There are a few factors you should consider when choosing which operation to use.
Is the branch you are getting changes from shared with other developers outside your team (e.g. open source, public)?
If so, don't rebase. Rebase destroys the branch and those developers will have broken/inconsistent repositories unless they use
git pull --rebase. This is a good way to upset other developers quickly.
How skilled is your development team?
Rebase is a destructive operation. That means, if you do not apply it correctly, you could lose committed work and/or break the consistency of other developer's repositories.
I've worked on teams where the developers all came from a time when companies could afford dedicated staff to deal with branching and merging. Those developers don't know much about Git and don't want to know much. In these teams I wouldn't risk recommending rebasing for any reason.
Does the branch itself represent useful information
Some teams use the branch-per-feature model where each branch represents a feature (or bugfix, or sub-feature, etc.) In this model the branch helps identify sets of related commits. For example, one can quickly revert a feature by reverting the merge of that branch (to be fair, this is a rare operation). Or diff a feature by comparing two branches (more common).
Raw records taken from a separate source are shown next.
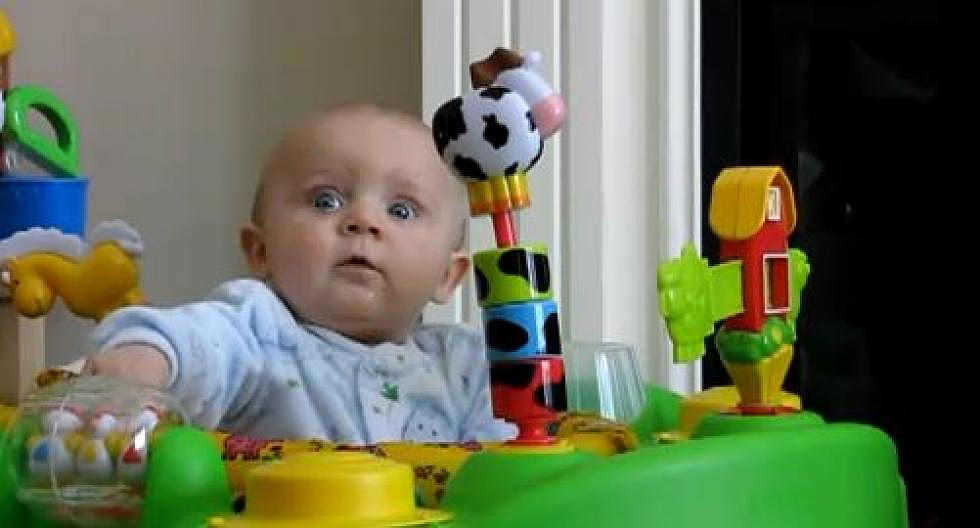 The Web’s 5 Most Famous Babies of 2011 (So Far) [VIDEOS]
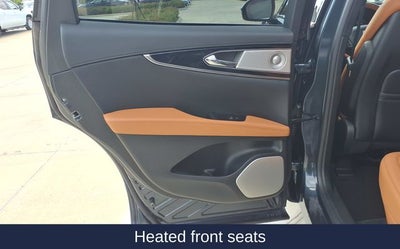 2022 Lincoln Nautilus Black Label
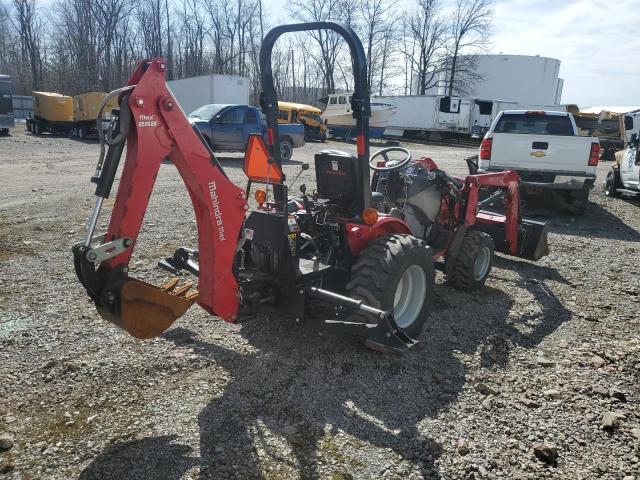 26MN10480035 - 2014 MAHINDRA AND MAHINDRA TRACTOR 红色 照片 4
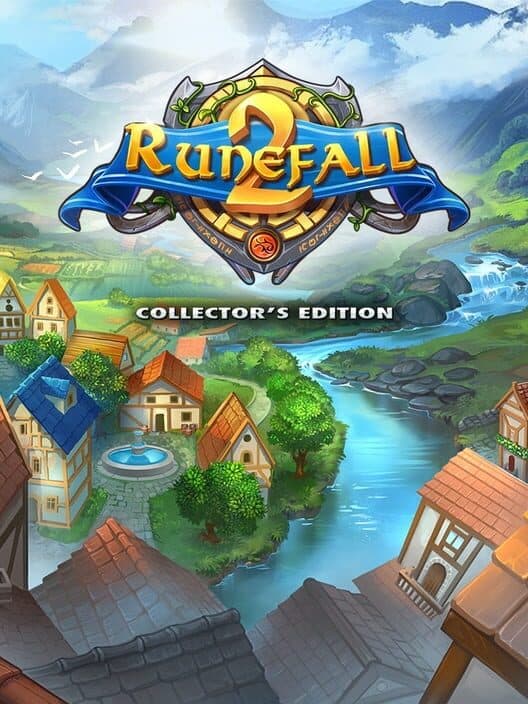 Обложка Runefall 2: Collector's Edition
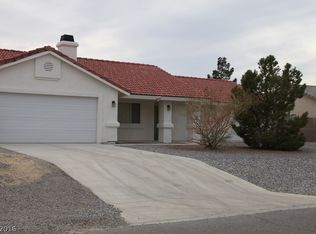 5381 E Grain Mill Rd, Pahrump, NV 89061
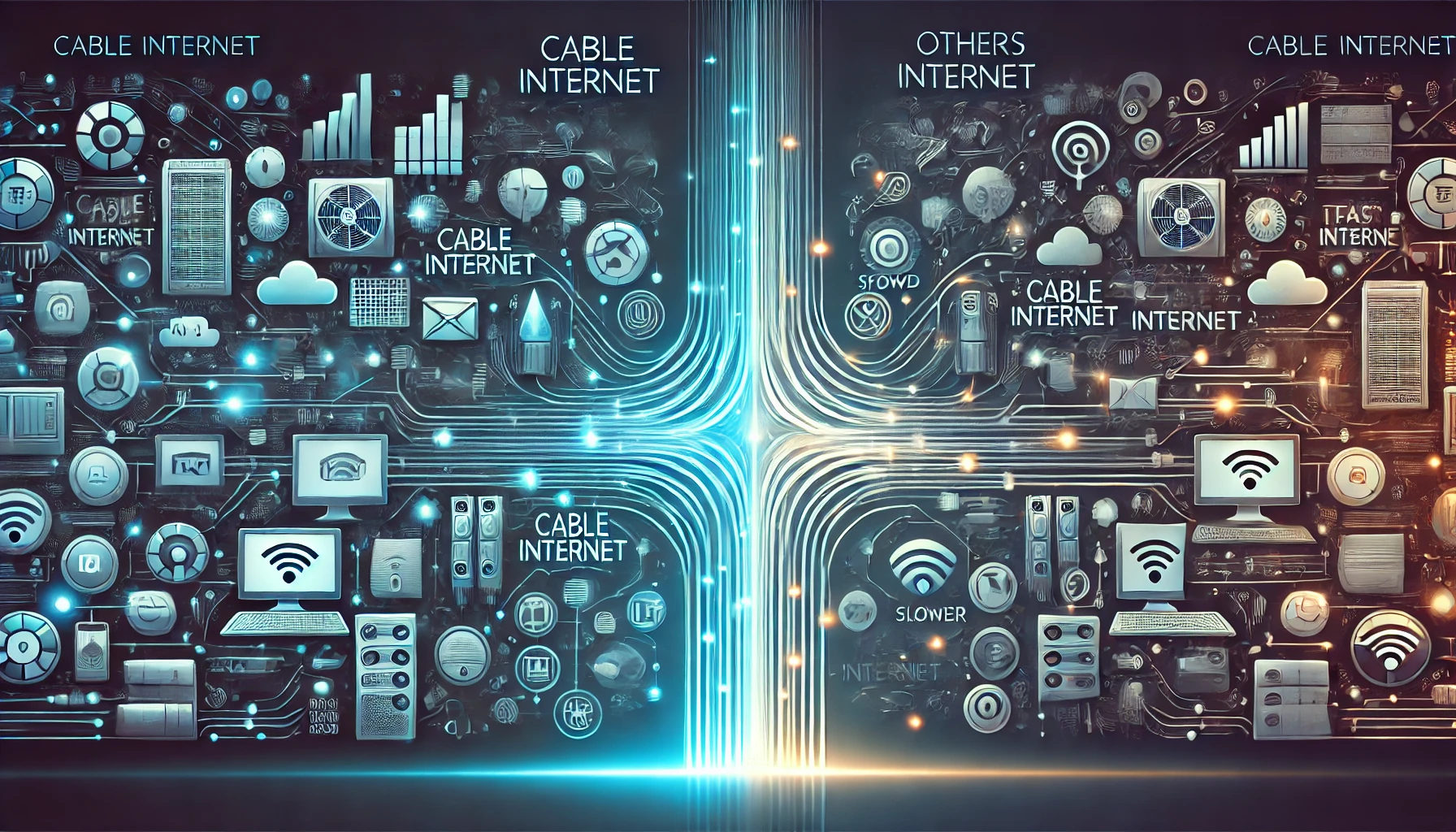 Cable Internet Vs Other Internet Options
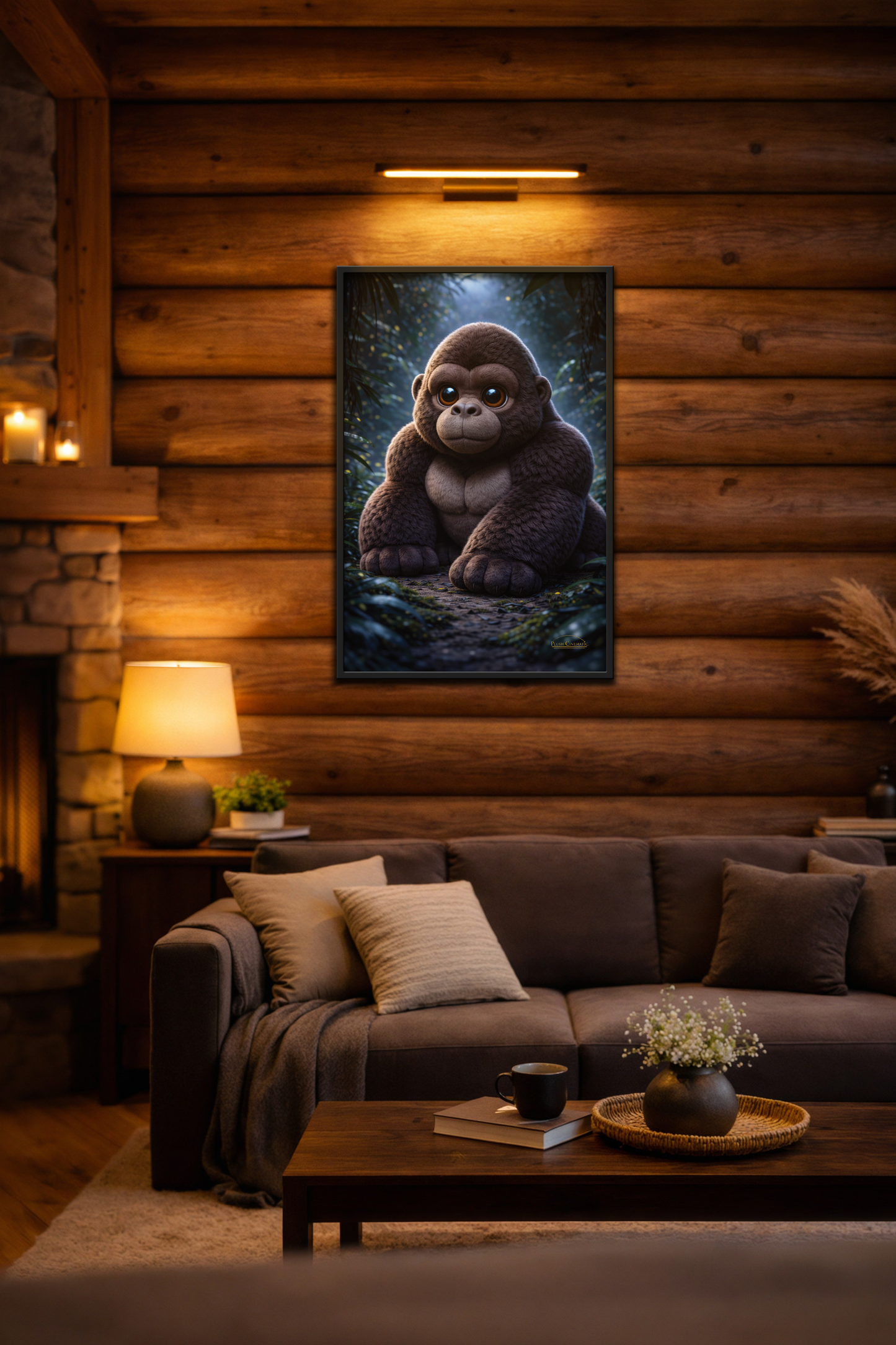 Jungle Guardian - Gorilla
Rebase would destroy the branch and this would not be straightforward.
I've also worked on teams that used the branch-per-developer model (we've all been there). In this case the branch itself doesn't convey any additional information (the commit already has the author). There would be no harm in rebasing.
Might you want to revert the merge for any reason?
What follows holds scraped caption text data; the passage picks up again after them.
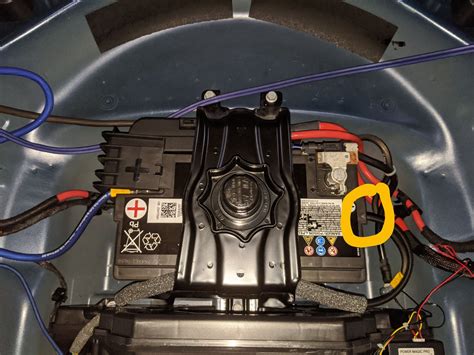 The Hunt for Power: Discovering the Secret Location of the Audi A5 Battery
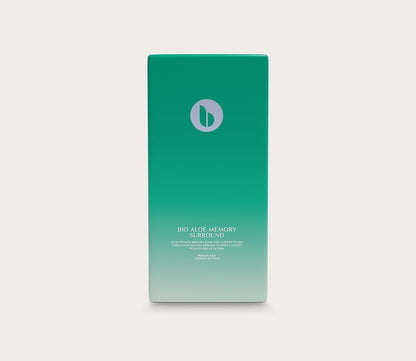 Blu Sleep Bio Aloe Memory Foam Pillow by Blu Sleep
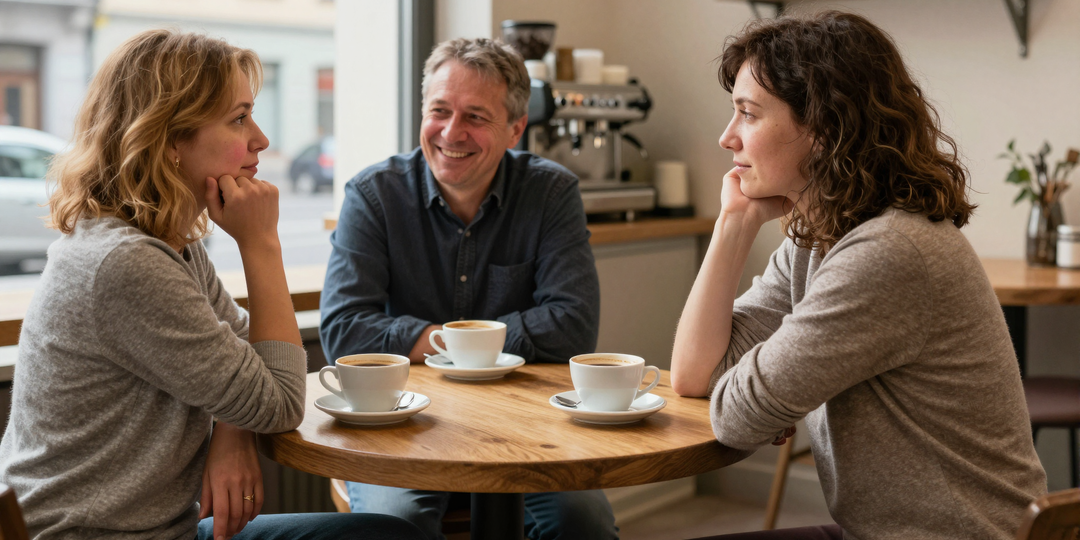 — Просто хотела познакомиться, — сказала по телефону новая жена бывшего. Через год она позвонила просить помощи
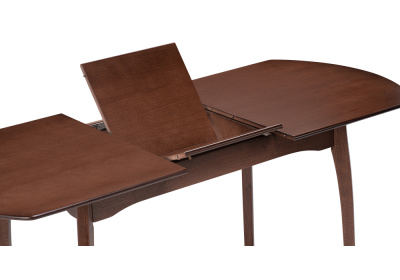 Стол деревянный Терзот миланский орех фото Стол деревянный Терзот миланский орех. Фото №5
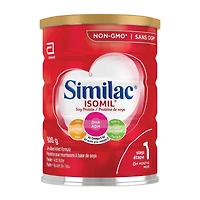 Similac Isomil With Dha Step 1 - Powder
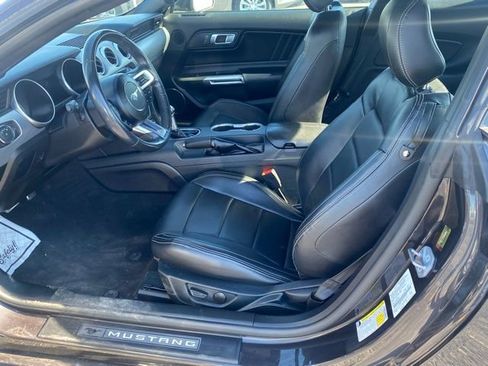 Used 2022 Ford Mustang Premium w/ Stealth Package image 7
Reverting (as in undoing) a rebase is considerably difficult and/or impossible (if the rebase had conflicts) compared to reverting a merge. If you think there is a chance you will want to revert then use merge.
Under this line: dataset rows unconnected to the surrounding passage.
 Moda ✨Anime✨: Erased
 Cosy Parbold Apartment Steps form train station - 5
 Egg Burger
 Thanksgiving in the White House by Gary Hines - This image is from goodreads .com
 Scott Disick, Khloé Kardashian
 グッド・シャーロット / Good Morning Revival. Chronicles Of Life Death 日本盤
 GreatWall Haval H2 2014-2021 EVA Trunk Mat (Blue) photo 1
Do you work on a team? If so, are you willing to take an all or nothing approach on this branch?
Rebase operations need to be pulled with a corresponding
git pull --rebase. If you are working by yourself you may be able to remember which you should use at the appropriate time. If you are working on a team this will be very difficult to coordinate. This is why most rebase workflows recommend using rebase for all merges (and
git pull --rebase for all pulls).
Merge destroys history (squashes commits)
Assuming you have the following merge:
B -- C
Some people will state that the merge "destroys" the commit history because if you were to look at the log of only the master branch (A -- D) you would miss the important commit messages contained in B and C.
If this were true we wouldn't have questions like this. Basically, you will see B and C unless you explicitly ask not to see them (using --first-parent). This is very easy to try for yourself.
Rebase allows for safer/simpler merges
The two approaches merge differently, but it is not clear that one is always better than the other and it may depend on the developer workflow. For example, if a developer tends to commit regularly (e.g. maybe they commit twice a day as they transition from work to home) then there could be a lot of commits for a given branch. Many of those commits might not look anything like the final product (I tend to refactor my approach once or twice per feature). If someone else was working on a related area of code and they tried to rebase my changes it could be a fairly tedious operation.
Rebase is cooler / sexier / more professional
If you like to alias
rm -rf to "save time" then maybe rebase is for you.
My Two Cents
I always think that someday I will come across a scenario where git rebase is the awesome tool that solves the problem. Much like I think I will come across a scenario where git reflog is an awesome tool that solves my problem. I have worked with git for over five years now. It hasn't happened.
Messy histories have never really been a problem for me. I don't ever just read my commit history like an exciting novel. A majority of the time I need a history I am going to use git blame or git bisect anyways. In that case having the merge commit is actually useful to me because if the merge introduced the issue that is meaningful information to me.